Here, we employed a backward elimination method which starts with the full set of features and then at each iteration removes the least significant variable which improves the performance of the model. The significance of variables is calculated using mean decrease impurity. This process is repeated until either no improvement is observed or the performance of the classifier starts to decrease. Ultimately 9 features out of all 13 features were selected.

The initial feature importance is shown in the Fig. 1:

Fig. 1

The initial importance of the features used in the AI-based prediction model.

The initial importance of the features used in the AI-based prediction model.

3.3Model development

Two machine learning techniques were examined: random forest regressor (RFR) and xGboost. These models were used due to their robustness and reliability. Considering limited details of these two methods were not provided here as such information can be found elsewhere [12, 13].

Due to different populations in different regions, we used the population of each region as the weight of each sample. Furthermore, we used randomized search and internal cross-validation to optimize different hyperparameters of the RFR, including ‘max depth’, ‘max features’, ‘min sample leaf’, ‘mean sample split’, and ‘number of estimators. The same procedure was used in developing the parameters of the xGboost models including ‘lambda’, ‘subsample’, gamma’.


The results of the developed models are shown in Fig. 2. In this figure predicted death rate versus the actual death rate is provided. As shown, both models, the RFR-based model and the xGboost-based model provided promising results in predicting the death rate in different cities of the UK. Nevertheless, the RFR-based model with predicted R2 = 0.88 performed better than the xGboost-based model with predicted R2 = 0.78.

In terms of the selected features, the RFR-based model found that the nine variables ‘over_70_prop’, ‘all_bame_prop’, ‘all_black_prop’, ‘pakistani_or_bangladeshi_prop’, ‘all_indian_prop’ ‘Hypertension’, ‘Obesity (18+)’, ‘Diabetes’, and ‘Coronary heart disease’ contributed significantly to the death rate. The importance of each feature is depicted in Fig. 3. This can be used to get a view of the factors contributing to the death rate caused by the coronavirus.

Fig. 2

Predicted death rate versus actual death rate for the two developed models random forest regressor- based model (top) and xGboost-based model (bottom).

Predicted death rate versus actual death rate for the two developed models random forest regressor- based model (top) and xGboost-based model (bottom).

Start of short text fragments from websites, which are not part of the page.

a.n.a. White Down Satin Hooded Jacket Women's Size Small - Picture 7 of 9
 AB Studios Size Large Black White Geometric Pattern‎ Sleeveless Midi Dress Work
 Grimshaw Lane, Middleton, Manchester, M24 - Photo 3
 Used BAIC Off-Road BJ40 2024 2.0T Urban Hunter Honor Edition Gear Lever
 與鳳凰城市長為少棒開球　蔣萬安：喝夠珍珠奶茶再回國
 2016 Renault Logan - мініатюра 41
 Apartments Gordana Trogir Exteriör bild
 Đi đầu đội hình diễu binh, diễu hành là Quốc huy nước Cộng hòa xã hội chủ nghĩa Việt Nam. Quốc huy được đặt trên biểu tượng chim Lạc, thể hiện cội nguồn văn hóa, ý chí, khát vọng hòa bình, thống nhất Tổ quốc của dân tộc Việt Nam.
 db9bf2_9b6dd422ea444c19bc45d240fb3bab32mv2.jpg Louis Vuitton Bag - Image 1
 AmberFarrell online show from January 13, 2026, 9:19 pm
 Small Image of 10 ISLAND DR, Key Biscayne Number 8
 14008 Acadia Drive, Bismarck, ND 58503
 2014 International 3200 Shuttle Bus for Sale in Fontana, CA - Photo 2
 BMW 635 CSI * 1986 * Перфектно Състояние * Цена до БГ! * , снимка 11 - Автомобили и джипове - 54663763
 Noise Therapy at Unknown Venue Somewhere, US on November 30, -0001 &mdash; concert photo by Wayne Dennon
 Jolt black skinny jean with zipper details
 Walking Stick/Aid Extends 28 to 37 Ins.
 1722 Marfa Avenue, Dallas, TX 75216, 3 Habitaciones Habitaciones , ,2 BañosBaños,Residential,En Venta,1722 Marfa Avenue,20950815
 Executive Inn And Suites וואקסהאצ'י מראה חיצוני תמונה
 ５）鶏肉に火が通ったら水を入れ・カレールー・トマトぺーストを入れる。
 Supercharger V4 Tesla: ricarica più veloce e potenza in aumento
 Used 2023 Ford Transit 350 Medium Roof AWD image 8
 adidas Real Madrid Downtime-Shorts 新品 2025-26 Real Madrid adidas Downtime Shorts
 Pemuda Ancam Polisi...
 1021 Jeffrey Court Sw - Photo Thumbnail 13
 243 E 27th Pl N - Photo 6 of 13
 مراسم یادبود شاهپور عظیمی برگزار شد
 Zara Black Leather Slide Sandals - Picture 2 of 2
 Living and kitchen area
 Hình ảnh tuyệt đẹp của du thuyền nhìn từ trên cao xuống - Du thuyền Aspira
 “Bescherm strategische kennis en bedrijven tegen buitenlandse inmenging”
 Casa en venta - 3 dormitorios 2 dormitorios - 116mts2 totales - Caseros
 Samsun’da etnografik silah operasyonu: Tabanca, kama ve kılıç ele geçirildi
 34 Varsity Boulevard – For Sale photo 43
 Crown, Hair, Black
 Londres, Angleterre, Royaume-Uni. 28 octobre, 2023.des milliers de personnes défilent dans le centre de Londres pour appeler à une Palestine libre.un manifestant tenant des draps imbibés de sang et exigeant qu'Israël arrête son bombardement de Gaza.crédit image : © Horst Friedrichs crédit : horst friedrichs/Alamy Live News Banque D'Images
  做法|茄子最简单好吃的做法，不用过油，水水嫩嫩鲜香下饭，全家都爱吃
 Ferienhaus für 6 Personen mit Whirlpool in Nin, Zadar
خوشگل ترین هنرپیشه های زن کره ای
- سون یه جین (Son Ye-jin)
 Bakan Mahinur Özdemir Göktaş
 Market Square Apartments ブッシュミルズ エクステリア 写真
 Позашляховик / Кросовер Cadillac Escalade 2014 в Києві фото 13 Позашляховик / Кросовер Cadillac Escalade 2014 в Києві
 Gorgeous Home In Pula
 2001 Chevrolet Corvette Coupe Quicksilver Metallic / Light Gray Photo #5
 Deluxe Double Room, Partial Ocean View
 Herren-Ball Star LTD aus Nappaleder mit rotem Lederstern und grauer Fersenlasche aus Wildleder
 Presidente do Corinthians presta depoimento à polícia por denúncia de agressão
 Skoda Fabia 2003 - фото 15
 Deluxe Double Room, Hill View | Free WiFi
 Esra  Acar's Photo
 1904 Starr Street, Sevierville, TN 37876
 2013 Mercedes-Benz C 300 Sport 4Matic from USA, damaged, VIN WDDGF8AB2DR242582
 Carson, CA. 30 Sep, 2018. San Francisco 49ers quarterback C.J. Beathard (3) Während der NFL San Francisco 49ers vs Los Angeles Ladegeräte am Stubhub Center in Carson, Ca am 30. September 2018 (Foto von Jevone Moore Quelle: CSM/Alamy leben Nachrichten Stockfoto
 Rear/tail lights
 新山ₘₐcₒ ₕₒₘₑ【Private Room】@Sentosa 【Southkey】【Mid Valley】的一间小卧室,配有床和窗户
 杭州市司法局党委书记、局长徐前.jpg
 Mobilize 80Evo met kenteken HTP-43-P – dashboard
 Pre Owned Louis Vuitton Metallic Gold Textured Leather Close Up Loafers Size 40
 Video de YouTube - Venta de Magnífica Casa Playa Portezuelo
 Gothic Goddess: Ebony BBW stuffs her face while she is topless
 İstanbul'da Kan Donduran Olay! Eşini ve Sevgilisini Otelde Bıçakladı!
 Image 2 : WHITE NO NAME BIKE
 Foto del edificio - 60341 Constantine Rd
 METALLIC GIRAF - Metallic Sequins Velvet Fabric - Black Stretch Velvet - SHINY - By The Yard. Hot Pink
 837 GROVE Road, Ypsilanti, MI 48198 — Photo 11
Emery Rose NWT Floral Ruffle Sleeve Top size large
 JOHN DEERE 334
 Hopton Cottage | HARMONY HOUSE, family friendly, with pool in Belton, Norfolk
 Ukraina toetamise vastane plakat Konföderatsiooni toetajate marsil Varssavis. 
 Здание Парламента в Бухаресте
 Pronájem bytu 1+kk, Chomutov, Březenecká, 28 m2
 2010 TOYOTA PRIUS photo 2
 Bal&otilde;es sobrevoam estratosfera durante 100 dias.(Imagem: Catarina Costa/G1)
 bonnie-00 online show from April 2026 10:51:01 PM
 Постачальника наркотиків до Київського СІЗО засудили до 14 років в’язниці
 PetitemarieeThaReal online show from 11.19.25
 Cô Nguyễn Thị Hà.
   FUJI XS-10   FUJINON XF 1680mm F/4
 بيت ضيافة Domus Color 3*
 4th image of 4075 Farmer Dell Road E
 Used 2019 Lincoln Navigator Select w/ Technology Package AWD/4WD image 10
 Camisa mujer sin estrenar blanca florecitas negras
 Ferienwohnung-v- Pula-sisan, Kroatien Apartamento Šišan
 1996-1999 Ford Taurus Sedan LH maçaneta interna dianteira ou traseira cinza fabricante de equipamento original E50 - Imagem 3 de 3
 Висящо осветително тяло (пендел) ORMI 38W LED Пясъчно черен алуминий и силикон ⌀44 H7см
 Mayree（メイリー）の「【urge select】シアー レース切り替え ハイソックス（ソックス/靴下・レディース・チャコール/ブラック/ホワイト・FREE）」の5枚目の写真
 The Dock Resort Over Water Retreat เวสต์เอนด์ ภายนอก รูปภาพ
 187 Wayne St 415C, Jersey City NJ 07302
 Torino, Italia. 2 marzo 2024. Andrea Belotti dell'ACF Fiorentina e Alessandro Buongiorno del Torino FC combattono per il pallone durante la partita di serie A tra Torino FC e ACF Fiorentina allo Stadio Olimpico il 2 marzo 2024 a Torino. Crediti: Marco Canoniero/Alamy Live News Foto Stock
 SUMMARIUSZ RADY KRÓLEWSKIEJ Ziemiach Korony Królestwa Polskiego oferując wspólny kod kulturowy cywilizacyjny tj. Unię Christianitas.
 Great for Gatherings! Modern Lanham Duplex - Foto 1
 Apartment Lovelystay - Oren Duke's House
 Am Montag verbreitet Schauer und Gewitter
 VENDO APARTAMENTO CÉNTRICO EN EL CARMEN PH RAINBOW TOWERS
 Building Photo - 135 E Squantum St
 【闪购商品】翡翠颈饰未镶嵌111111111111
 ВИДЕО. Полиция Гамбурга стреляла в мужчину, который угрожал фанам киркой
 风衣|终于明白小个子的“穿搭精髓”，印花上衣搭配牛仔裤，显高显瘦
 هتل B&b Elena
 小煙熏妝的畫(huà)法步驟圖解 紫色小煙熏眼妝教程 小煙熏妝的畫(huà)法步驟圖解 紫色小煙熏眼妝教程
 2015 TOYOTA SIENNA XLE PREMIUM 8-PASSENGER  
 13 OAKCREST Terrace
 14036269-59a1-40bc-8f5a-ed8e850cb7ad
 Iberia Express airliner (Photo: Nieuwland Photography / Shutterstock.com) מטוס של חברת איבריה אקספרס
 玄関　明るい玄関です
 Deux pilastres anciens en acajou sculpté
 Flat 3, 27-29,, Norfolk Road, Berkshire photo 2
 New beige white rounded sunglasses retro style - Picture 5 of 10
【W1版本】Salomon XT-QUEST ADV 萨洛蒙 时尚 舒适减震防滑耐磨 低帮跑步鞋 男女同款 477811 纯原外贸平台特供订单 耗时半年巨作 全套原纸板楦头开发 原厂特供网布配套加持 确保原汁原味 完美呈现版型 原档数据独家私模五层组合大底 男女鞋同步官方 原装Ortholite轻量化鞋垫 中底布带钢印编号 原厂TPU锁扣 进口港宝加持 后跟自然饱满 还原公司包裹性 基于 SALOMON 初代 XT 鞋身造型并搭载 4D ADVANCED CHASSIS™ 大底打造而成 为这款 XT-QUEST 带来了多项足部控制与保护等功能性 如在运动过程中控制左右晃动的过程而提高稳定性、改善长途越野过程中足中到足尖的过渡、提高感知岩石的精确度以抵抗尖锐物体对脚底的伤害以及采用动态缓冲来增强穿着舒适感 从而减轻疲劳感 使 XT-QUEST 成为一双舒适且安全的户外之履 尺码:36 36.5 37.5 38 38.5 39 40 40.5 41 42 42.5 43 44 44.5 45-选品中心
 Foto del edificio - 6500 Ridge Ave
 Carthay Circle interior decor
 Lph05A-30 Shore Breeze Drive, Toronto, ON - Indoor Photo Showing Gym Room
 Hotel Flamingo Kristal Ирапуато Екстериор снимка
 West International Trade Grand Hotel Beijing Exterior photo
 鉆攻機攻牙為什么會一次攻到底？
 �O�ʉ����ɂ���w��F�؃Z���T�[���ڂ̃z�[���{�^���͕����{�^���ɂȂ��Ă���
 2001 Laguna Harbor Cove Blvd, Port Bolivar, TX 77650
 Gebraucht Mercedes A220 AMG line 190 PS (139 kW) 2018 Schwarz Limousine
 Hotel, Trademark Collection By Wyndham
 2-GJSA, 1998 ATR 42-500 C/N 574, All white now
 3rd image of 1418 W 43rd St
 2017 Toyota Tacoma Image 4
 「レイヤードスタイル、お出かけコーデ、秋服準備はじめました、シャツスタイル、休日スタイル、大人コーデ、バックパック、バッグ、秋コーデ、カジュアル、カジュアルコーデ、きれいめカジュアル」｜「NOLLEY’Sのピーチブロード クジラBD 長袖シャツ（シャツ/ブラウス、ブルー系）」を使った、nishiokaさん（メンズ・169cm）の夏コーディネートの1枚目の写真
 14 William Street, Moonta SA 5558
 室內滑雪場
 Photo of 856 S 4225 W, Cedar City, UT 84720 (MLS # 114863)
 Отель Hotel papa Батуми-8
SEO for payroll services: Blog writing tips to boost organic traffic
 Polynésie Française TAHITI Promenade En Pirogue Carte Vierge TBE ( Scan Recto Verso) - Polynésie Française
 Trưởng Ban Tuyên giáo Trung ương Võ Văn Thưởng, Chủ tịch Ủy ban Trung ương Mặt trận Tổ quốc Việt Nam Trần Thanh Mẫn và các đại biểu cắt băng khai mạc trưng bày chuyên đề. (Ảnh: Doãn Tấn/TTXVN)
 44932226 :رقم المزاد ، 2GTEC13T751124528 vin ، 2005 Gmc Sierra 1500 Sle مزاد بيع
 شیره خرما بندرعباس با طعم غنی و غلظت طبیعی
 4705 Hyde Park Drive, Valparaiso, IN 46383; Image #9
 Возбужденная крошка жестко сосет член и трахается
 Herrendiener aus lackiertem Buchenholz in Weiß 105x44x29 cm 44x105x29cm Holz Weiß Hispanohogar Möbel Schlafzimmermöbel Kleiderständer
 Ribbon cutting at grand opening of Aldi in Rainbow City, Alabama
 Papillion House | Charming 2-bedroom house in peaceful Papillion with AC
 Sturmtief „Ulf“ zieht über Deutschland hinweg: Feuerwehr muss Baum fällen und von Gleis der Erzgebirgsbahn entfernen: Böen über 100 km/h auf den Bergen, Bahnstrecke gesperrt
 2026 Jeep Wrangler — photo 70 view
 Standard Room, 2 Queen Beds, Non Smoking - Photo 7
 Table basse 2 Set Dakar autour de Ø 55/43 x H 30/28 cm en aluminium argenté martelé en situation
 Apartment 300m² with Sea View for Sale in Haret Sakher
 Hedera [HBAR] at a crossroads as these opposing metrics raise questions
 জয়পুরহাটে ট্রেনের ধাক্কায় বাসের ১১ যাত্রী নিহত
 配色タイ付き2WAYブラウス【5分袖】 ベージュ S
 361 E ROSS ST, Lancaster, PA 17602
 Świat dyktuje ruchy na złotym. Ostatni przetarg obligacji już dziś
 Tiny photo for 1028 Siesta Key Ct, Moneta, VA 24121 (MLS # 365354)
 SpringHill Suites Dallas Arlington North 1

Predicting mortality rate can help health authorities such as the US CDC and its partners to make the right choices and solid activities. In this work, we investigated the capability of AI models in predicting the number of deaths. Two machine learning methods random forest regressor (RFR) and xGboost that have been shown to be robust in regression problems were examined. The performance of both models was promising, but the RF-based model (predicted R2 = 0.88) performed slightly better the xGboost-based model (predicted R2 = 0.78).

Fig. 3

The ultimate importance of the features used in the AI-based prediction model.

The ultimate importance of the features used in the AI-based prediction model.

The contribution along with the effect of the selected features in the prediction model depicted in Fig. 1 provides valuable information regarding the critical parameters that affect high-risk individuals. As shown, the top two parameters are age and diabetic. These findings are in line with previous studies. CDC, as an example, defined the following criteria to consider a patient as high risk: age≥65 years, living in nursing homes, having at least one of the following diseases including chronic lung disease, serious heart conditions, severe obesity, diabetes, chronic kidney disease, liver disease. Moreover, people who are immunocompromised should also be considered as high-risk patients [14].

In terms of application, this model can be deployed and utilized in a healthcare organization to prevent the spread of diseases. This model can also be used for testing and treatment decisions. However, care should be considered in directly using this model as the risk factors used in the model and found to be important may not be exactly similar to those in other countries. Nevertheless, one can follow the same procedure and develop its own prediction model.

Last and most important, this model is applicable to the data in which the value for all 9 predictors used in the model are available. So, for the cases that one or more of these important variables are missed the model should not be applied.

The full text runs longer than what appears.